First, Israel denies wrongdoing.
It’s been accused of breaking the laws of war, including targeting civilians and civilian buildings on purpose, and hitting targets way out of proportion to any military value they had.
Israel says none of that is true.
Its position is that it acted in lawful self-defence, that it didn’t deliberately target civilians, and that its response was proportionate.
If a court ever ruled that Israel broke the laws of war, and specifically that flattening Gaza’s civilian infrastructure crossed that line, Israel could then be legally required to pay full reparations.

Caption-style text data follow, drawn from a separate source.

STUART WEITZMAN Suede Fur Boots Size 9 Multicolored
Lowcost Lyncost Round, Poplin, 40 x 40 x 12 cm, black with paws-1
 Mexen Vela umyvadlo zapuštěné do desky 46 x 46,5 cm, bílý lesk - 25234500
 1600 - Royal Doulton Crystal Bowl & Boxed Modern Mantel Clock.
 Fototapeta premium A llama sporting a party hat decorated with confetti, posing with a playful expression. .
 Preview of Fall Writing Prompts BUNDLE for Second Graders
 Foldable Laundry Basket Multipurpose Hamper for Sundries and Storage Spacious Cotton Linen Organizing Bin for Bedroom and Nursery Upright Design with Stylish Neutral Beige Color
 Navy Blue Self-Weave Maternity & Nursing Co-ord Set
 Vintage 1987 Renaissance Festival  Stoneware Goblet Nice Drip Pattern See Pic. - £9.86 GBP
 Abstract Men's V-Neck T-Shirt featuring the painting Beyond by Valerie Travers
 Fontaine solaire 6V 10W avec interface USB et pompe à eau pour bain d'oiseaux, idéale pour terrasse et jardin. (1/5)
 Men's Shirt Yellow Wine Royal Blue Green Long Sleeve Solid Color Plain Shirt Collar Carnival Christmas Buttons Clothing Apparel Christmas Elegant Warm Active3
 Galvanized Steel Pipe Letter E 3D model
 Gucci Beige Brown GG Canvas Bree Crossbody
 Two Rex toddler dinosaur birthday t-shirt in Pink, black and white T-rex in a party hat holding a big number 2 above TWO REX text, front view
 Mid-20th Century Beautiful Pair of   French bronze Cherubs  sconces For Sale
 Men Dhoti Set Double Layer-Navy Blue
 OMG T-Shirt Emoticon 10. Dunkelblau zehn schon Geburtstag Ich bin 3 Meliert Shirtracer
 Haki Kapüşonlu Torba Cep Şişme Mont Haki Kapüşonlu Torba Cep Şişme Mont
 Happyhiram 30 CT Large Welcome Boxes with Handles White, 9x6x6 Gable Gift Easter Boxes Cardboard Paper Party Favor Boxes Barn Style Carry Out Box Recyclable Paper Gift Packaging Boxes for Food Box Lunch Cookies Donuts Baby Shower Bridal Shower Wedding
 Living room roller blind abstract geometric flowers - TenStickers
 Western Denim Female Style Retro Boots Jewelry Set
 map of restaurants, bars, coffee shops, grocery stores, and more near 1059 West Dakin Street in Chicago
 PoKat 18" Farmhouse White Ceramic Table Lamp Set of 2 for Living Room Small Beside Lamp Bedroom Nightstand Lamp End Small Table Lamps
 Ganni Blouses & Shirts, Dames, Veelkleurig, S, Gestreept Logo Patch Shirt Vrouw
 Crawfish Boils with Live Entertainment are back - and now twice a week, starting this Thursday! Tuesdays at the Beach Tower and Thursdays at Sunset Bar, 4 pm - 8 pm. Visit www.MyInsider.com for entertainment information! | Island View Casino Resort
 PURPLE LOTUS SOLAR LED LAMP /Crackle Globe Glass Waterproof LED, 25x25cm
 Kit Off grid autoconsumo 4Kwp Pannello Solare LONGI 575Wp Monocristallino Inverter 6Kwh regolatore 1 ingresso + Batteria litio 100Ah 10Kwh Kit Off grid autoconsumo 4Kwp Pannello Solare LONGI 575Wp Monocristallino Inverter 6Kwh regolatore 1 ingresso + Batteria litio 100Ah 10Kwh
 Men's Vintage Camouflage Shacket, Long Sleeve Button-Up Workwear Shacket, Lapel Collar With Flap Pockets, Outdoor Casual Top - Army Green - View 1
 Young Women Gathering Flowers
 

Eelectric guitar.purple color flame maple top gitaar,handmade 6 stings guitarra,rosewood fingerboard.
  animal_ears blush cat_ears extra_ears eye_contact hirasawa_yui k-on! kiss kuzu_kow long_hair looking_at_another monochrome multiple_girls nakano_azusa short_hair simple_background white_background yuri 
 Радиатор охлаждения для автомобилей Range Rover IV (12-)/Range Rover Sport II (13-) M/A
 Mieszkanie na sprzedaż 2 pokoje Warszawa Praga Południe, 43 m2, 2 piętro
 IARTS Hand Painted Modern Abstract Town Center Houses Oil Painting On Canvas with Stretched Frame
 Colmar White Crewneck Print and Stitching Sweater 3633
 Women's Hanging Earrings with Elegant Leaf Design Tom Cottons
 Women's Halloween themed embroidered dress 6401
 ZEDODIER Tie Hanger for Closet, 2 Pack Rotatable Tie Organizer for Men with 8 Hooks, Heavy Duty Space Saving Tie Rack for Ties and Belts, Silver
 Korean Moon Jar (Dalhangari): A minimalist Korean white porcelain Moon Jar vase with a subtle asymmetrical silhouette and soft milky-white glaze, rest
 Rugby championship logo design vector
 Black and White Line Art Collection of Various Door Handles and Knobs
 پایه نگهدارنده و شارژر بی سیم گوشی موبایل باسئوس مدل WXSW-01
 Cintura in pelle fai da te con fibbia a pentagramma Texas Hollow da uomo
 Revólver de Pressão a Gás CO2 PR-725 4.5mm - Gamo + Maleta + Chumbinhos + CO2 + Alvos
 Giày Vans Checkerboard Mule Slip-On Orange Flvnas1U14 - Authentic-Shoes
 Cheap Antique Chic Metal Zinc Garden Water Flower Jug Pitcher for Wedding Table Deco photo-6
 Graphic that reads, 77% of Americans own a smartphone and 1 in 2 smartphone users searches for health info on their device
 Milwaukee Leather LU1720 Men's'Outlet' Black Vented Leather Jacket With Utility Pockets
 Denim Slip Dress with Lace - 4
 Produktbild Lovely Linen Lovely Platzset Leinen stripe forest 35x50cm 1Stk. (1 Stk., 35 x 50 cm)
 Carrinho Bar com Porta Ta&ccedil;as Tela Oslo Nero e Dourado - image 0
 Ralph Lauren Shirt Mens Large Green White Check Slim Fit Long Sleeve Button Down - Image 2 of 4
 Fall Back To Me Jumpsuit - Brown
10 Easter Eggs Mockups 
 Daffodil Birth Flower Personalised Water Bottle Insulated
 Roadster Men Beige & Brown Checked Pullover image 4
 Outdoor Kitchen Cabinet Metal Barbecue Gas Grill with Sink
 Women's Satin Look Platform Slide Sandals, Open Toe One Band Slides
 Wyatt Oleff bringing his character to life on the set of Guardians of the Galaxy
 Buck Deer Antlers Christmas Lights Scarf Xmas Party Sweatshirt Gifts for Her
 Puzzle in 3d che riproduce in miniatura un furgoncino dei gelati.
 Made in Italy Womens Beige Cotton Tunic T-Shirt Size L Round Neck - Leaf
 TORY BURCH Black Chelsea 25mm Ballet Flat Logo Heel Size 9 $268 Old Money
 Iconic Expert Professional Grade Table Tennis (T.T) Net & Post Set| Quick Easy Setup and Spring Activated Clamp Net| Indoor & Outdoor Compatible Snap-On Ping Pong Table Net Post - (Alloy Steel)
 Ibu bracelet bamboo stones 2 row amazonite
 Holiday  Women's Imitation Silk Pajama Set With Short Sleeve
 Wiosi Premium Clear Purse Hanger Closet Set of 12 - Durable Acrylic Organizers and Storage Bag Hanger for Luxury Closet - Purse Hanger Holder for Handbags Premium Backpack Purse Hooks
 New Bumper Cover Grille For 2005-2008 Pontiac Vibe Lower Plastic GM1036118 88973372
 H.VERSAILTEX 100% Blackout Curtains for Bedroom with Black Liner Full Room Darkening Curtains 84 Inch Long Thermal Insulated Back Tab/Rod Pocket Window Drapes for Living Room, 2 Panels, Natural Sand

That wouldn’t just mean money. It could mean actually being made to rebuild what it destroyed.
But no court has made that judgment (at least, not yet…).
Second, it’s difficult to hold other states accountable.
Under the law, a state that aids or assists another state’s internationally wrongful act can be held responsible too, but only if it did so knowing its assistance would be used for that wrongful act.
Nicaragua tried exactly this argument against Germany before the International Court of Justice over Germany’s arms exports to Israel.
The Court’s judgment on this is years away, and only targets Germany.
But it would be the first time a third state is held accountable for complicity, and could maybe even be asked to pay reparations for it as a result… which is a big deal.
Third, the courts that could rule on this take years to decide, and even when they do, they can’t force a state to comply.
Aside from Nicaragua suing Germany, there have been three recent cases before the International Court of Justice (ICJ - resolving disputes between countries) touching on Gaza.
One from July 2024 declared Israel’s occupation of Palestine (including Gaza) was illegal, and mentioned reparations were owed. But it’s a non-binding opinion that Israel has ignored.
Another from October 2025 was on Israel’s obligations toward the UN and humanitarian actors operating there. It was also a non-binding opinion, and didn’t touch on reparations.
The third is South Africa’s genocide case against Israel. Contrary to the first two, this one’s a binding judgment. Plus, if Israel were found have committed genocide, reparations could follow. But we’ll have to wait another few years before we know what the ICJ decides!
Beyond the ICJ, the International Criminal Court (another court in The Hague going after individual criminals; not countries) has issued arrest warrants against Netanyahu and Gallant, but reparations only become possible after a conviction, which would be many, many years off (if at all), not least given the ICC’s many other ongoing crises.
2. Gaza might get humanitarian donations… eventually
Even donations have been challenging.
Even though Qatar said it wouldn’t “write the check” for Gaza’s reconstruction (as it has done so in the past) in December 2025, it later changed its tune and pledged $1 billion.
Others like Saudi Arabia, the UAE, and Kuwait, pledged similar amounts at the Board of Peace’s inaugural meeting in February 2026.
The EU just opened its wallet, and the US said its goal was to redevelop Gaza.
But there are some problems:
First, the UN and World Bank put Gaza’s actual reconstruction cost at roughly $71.4 billion over a decade, so the pledges made so far aren’t anywhere near enough.
Second, according to some media reports, the World Bank-administered Gaza fund has received zero dollars from anyone as of mid-2026.
Third, Israel has not made a financial pledge to the Board of Peace’s Gaza reconstruction fund.